Sobre os protestos pelo que eu li eu estou do lado dos manifestantes, eles estão à meses protestantizo pacificamente e não teve nenhuma violência tirando esse caso que você citou, enquanto a polícia tem usado violência e utilizando agentes disfarçados de protestante vestindo preto começando violência disfarçados, mais de um já foi descoberto e expulso.

Sobre o comentário dela sobre os protesto eu achei esse comentário em outro site: "There's a similar situation with ethnically Chinese kpop stars where a lot of them even of HK and TW origin are posting something along the lines of "I'm a protector of the 5 star flag." It's suspected that anyone only posting that phrase is being forced to do so. However, anyone posting rhetoric supporting the HK police specifically are the ones going way above and beyond and should be put on blast."

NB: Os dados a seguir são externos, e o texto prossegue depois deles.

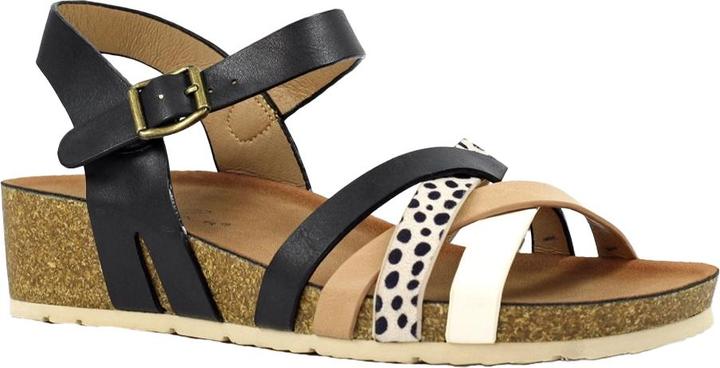 Image du produit Lunar - Sandales SELINA - Femme (37)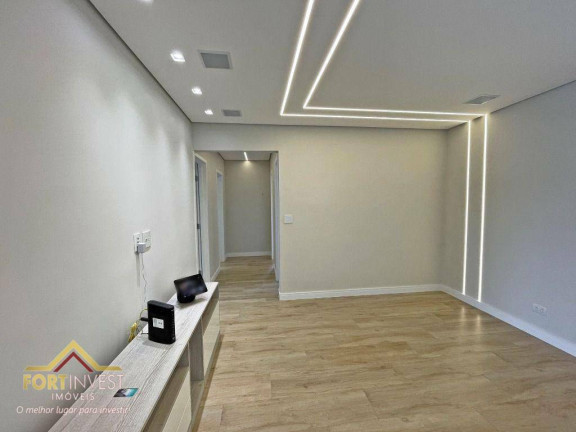 Imagem Imóvel com 3 Quartos à Venda, 117 m² em Boqueirão - Praia Grande Imagem Imóvel com 3 Quartos à Venda, 117 m² em Boqueirão - Praia Grande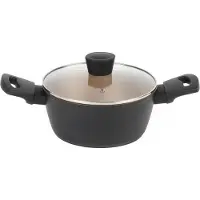 Russell Hobbs Kattila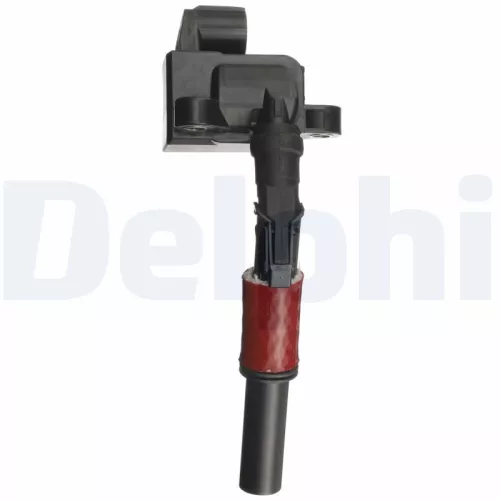 DELPHI Ignition Coil (GN10756-12B1)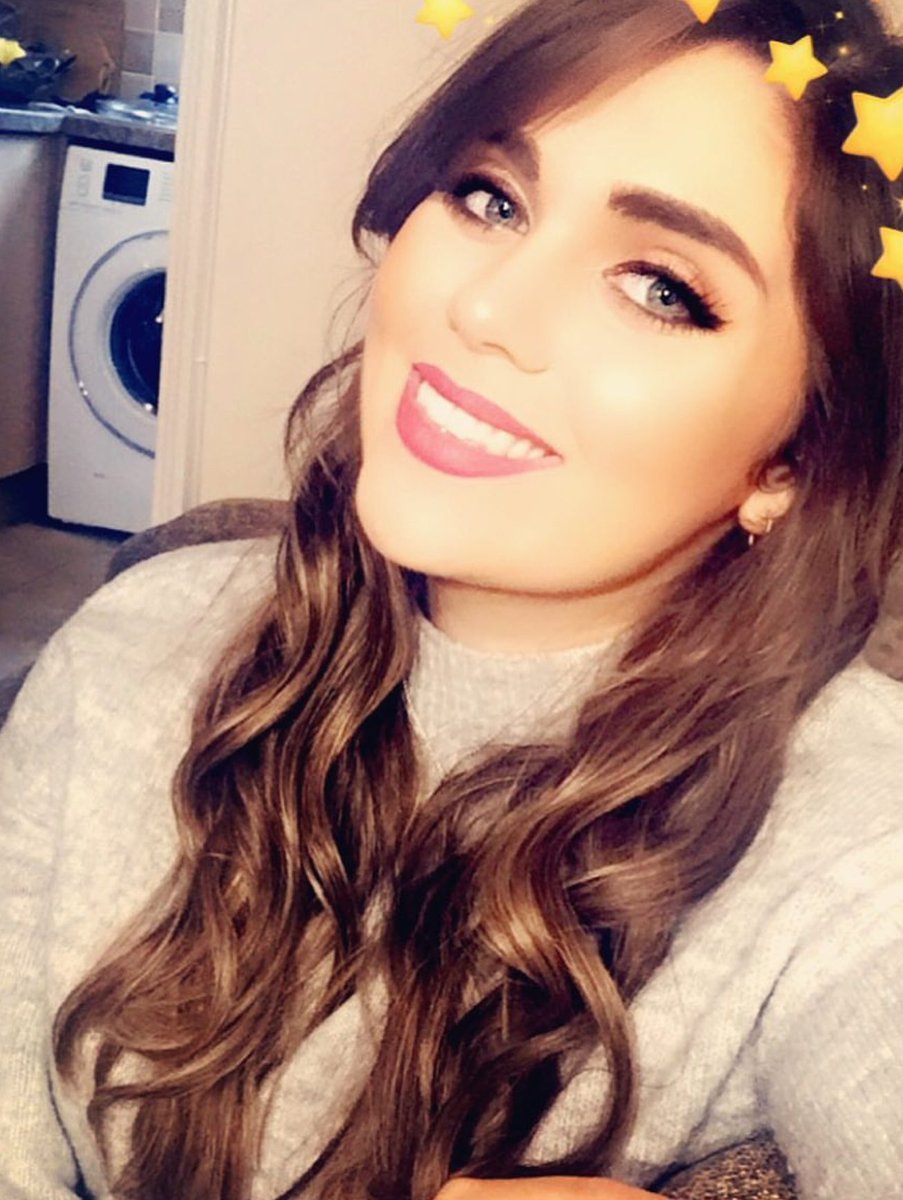 AmaMills101's tweet photo. Looking forward to my weekend! Hope you all have an amazing time too! 💖 #weekendishere #relaxation #family https://t.co/w7UGcymwRb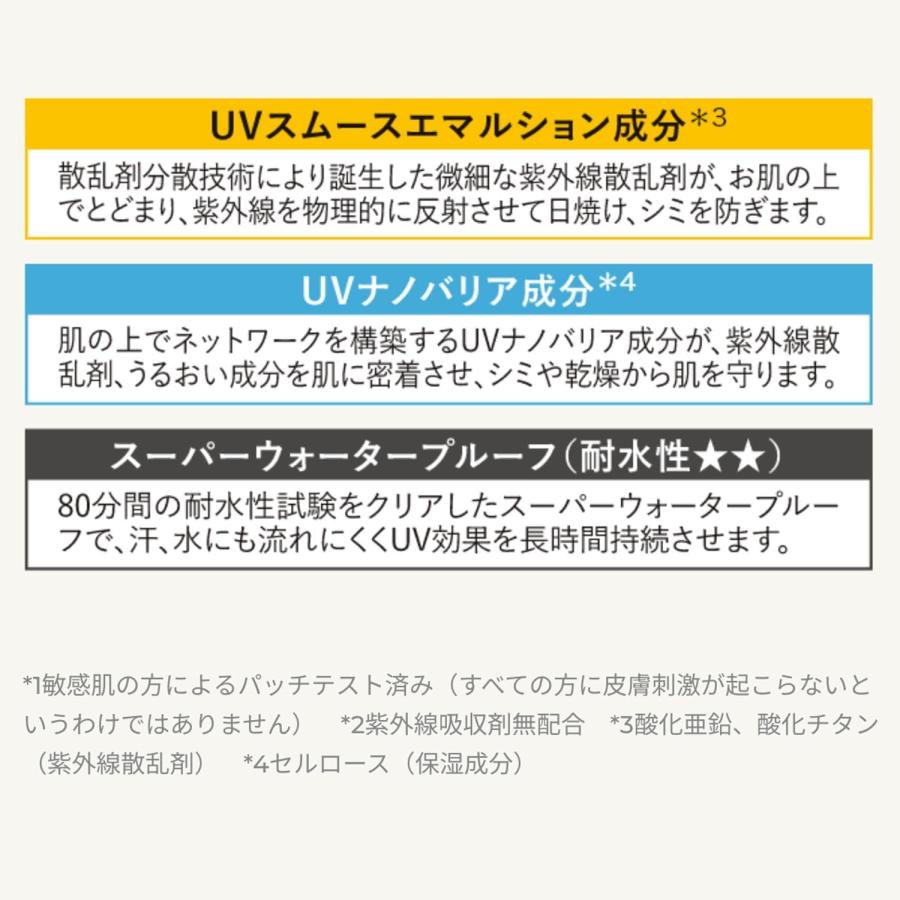 unlabel LAB 乳液 アンレーベルラボ V トーンアップ UVミルクR 50mL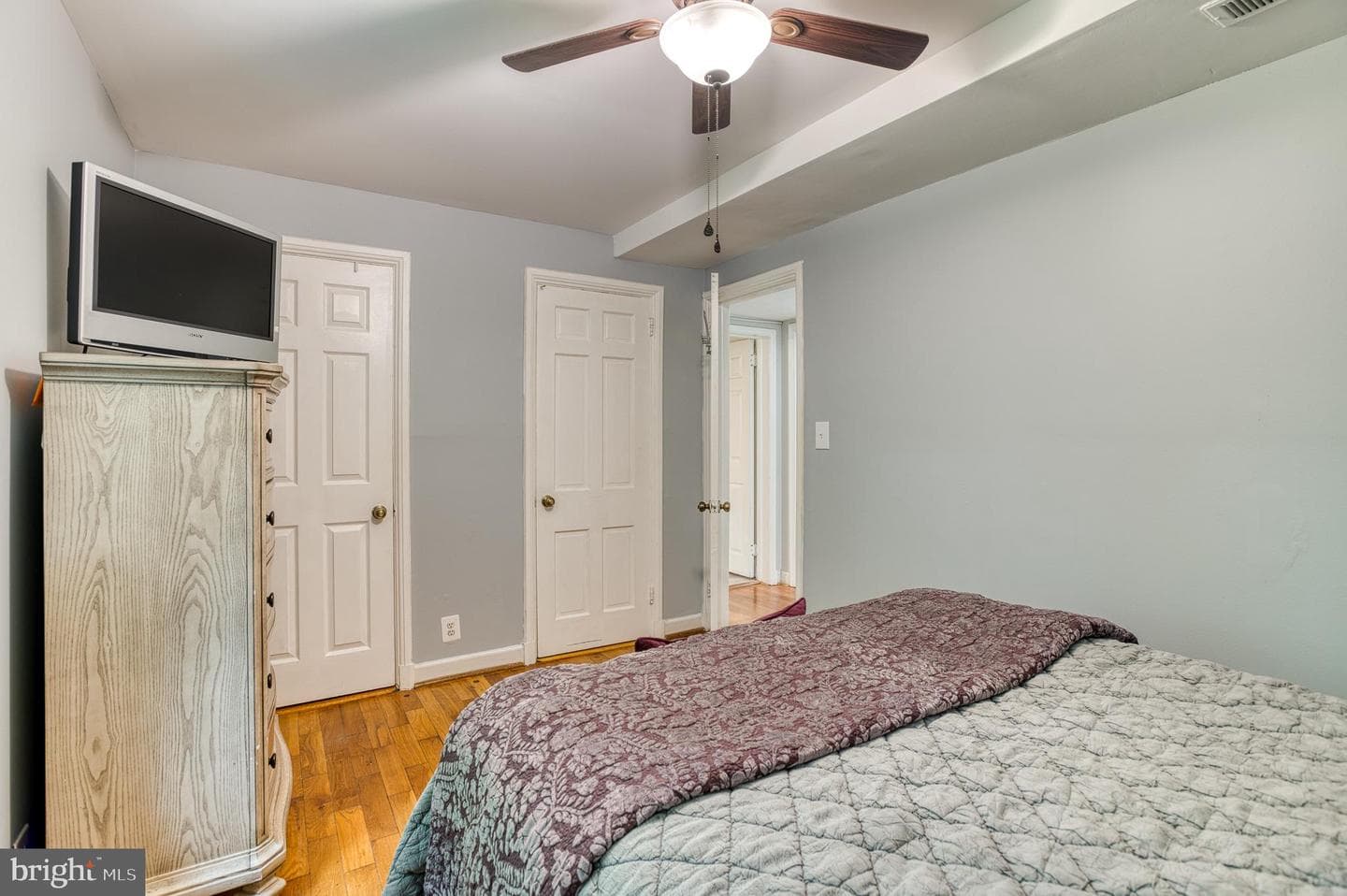 2827 S Abingdon Street #2233 photo 15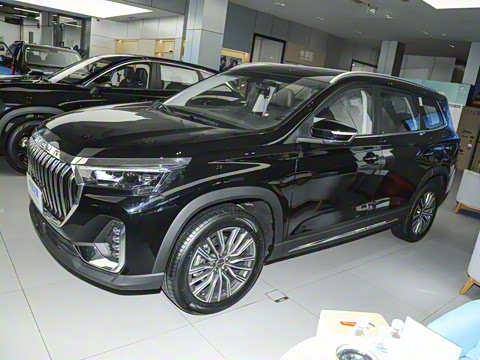 2025�� 1.6TD DCT��Ӣ�� 5��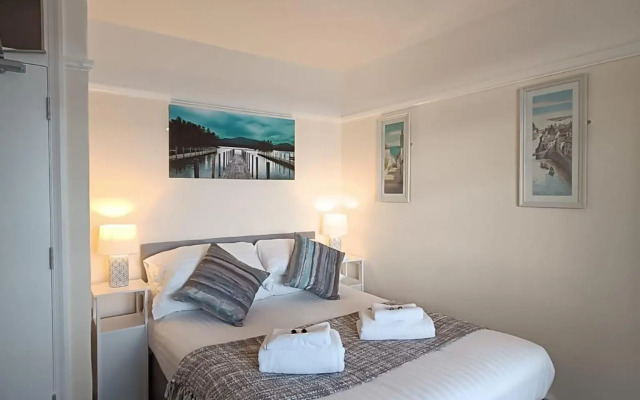 The Ship Inn Folkestone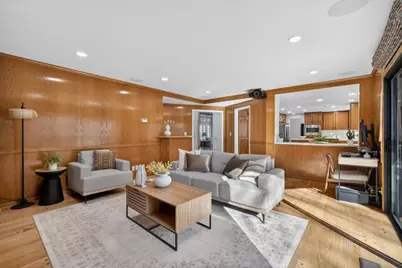 1120 Valley Quail Cir, San Jose, CA 95120 - Photo 25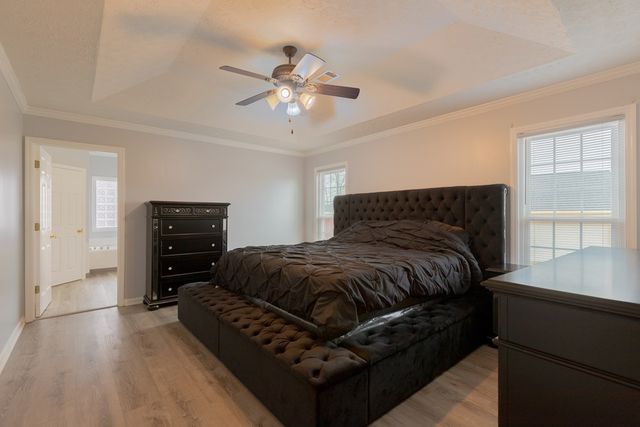 8052 Orchard Hill Drive, Midland, GA 31820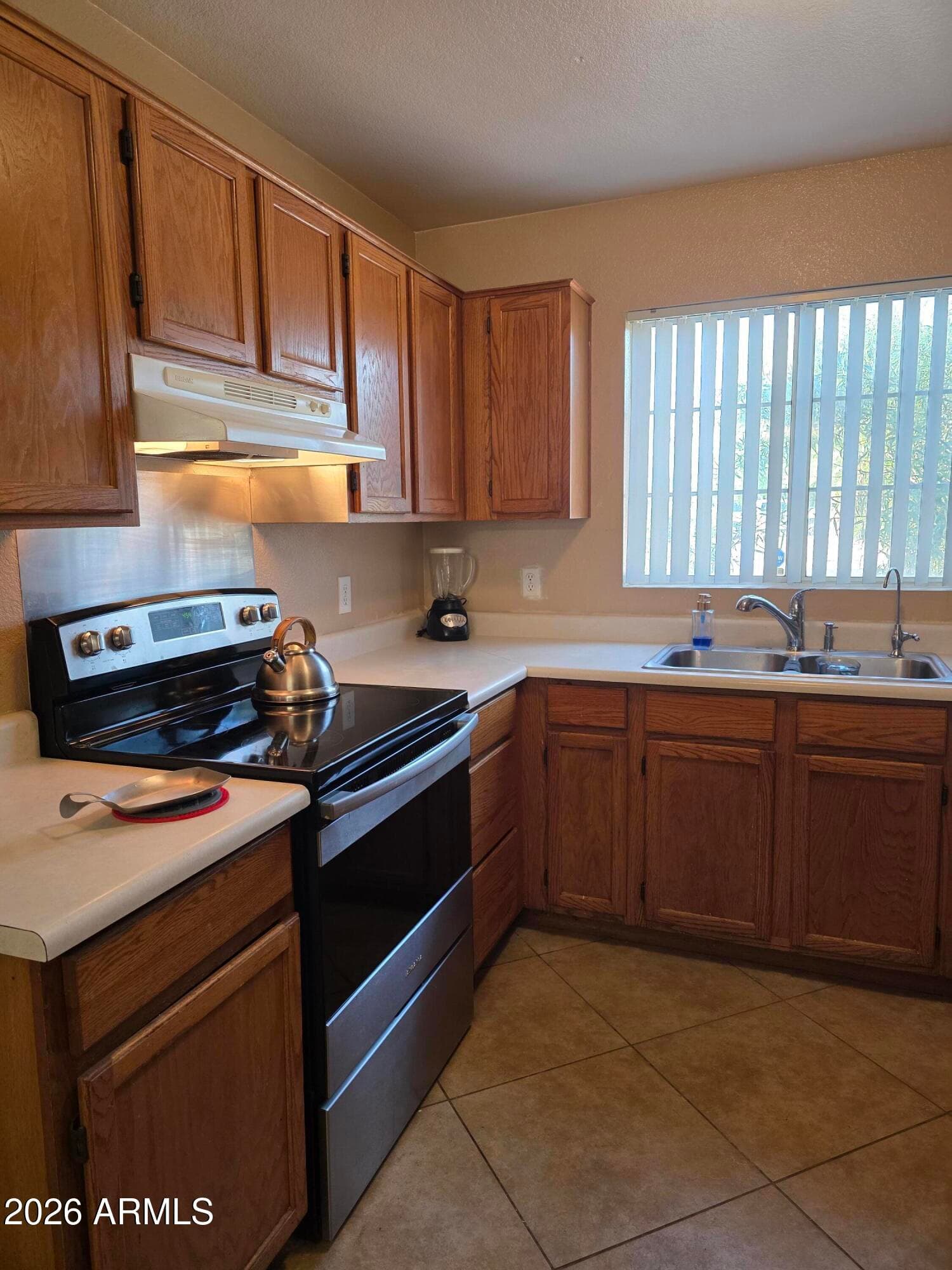 8641 W ROANOKE Avenue, Phoenix, AZ 85037 — photo 6 of 22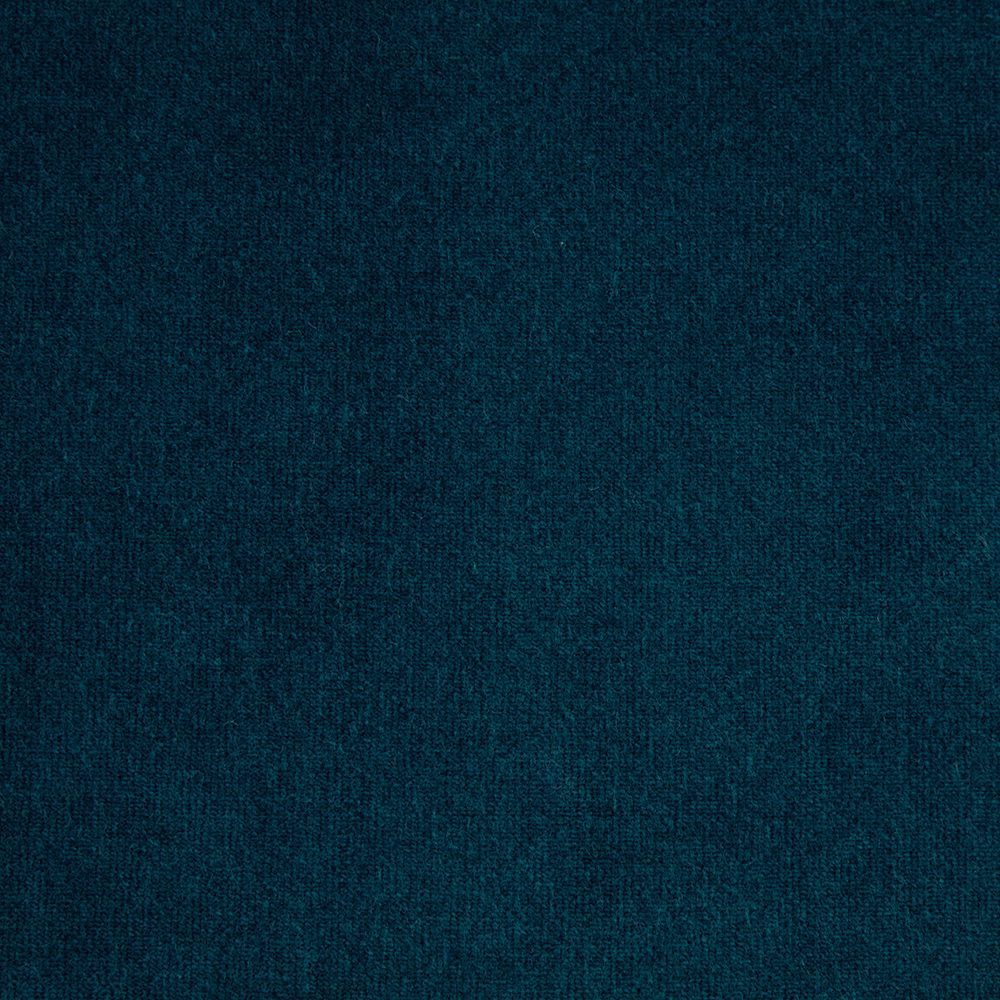 iLiv Hampton Aegean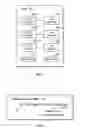 Fig. 09 - USING A PROXY SERVER TO INTERCEPT AND ANALYZE CONTENT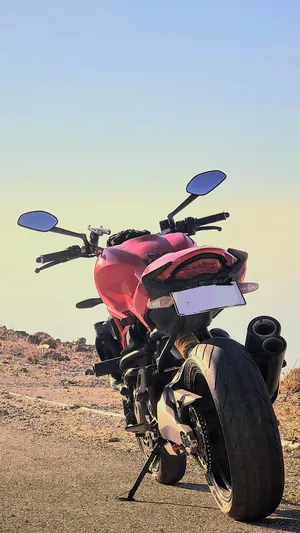 ducati-monster-821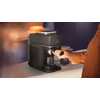 Philips Baristina Automata Eszpresszógép, fekete (BAR300/60)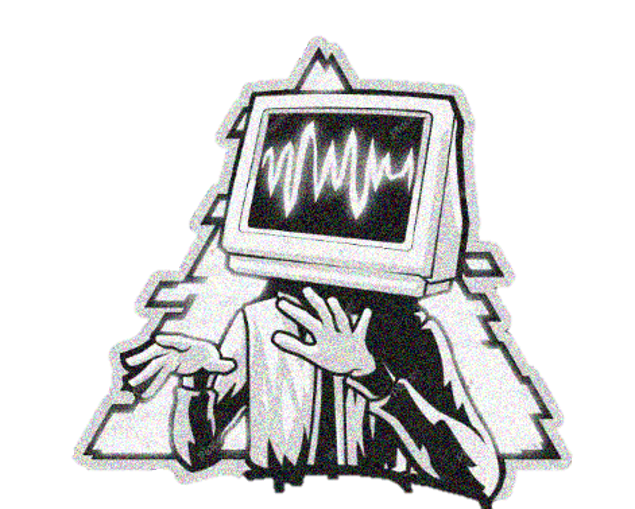 DeadSec2024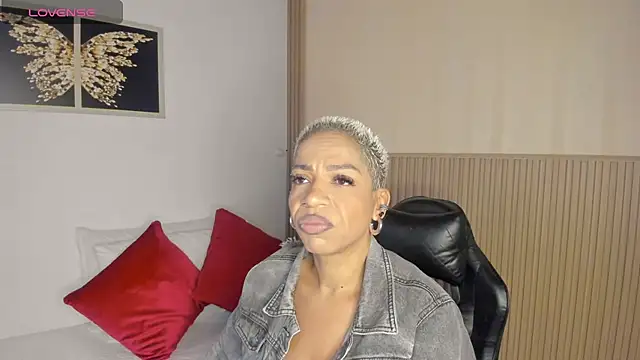 summer night  online show from April 2026 11:00:02 AM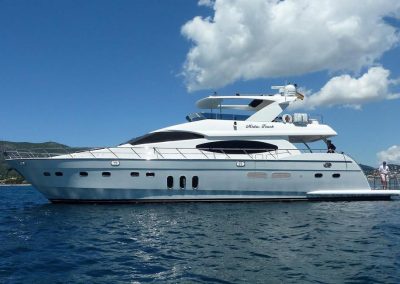 Vitech Custom 24m-2009 -002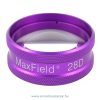 OCULAR OI-28M/P MaxField® 28D OCULAR OI-28M/P MaxField® 28D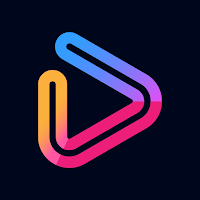 Music Player - MP3 Offline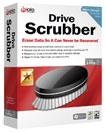 DriveScrubber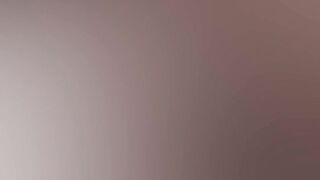 320 TEDDY sexy french twink fucked by Max LACOSTE for casting porn amator - 6 image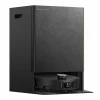Робот-пилосос Dreame Matrix10 Ultra Black (RLX95CE)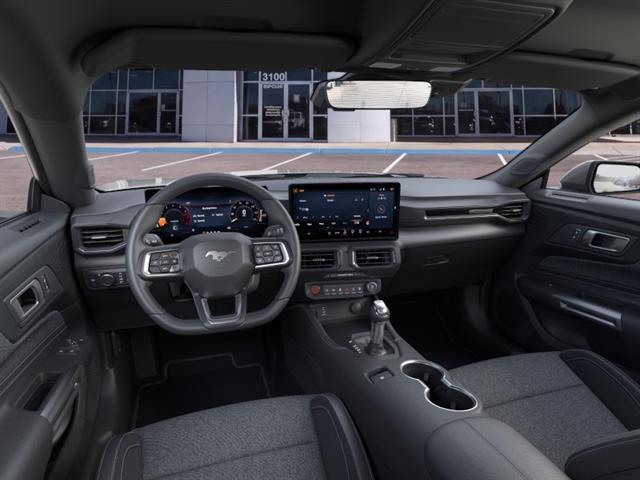 car-gallery-9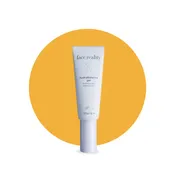 Face Reality HydraBalance Gel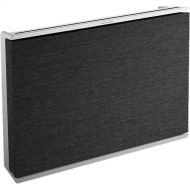 Bang & Olufsen Beosound Level Portable Smart Speaker (Natural and Dark Gray)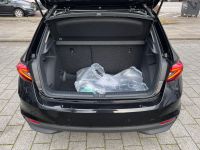 Skoda Fabia - Vorschau Bild 14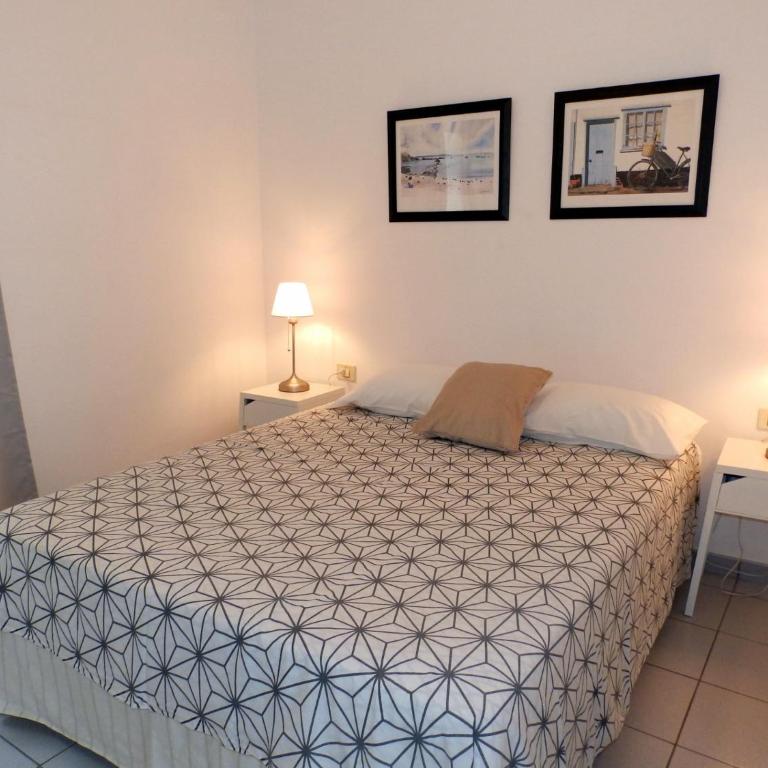 Apartamento Costa Roja Views - Apartamento de 1 dormitorio - 15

Lucas, pode postar a sua fonte, por favor?

Mesmo fora da China eles devem ter controle sobre o seu povo. As postagens na Weibo são sempre monitoradas. Então pode existir a dúvida se são realmente os artistas falando(escrevendo). Fora ela ainda tem Jackie Chan, o q não é uma surpresa, o ator Tony Leung (fez Herói, 2046, versão original dos infiltrados) . E qndo algum dá a entender q é contra a brutalidade tem gente q reclama com o artista. É uma situação difícil.

É mais impressionante qndo artistas falam q são contra a brutalidade como a cantora atriz Denise Ho. Ela é pro a democracia e a sua música foi apagada na China. Além dela tem Anthony Wong Yiu-ming outro cantor que admitiu perdeu metade da renda anual vinda China por mostrar apoio ao umbrella movement de 2014.

Daqui até qndo o filme saia o povo pode esquecer e ir assistir no cinema.
Brutalidade nunca deve ser apoiado.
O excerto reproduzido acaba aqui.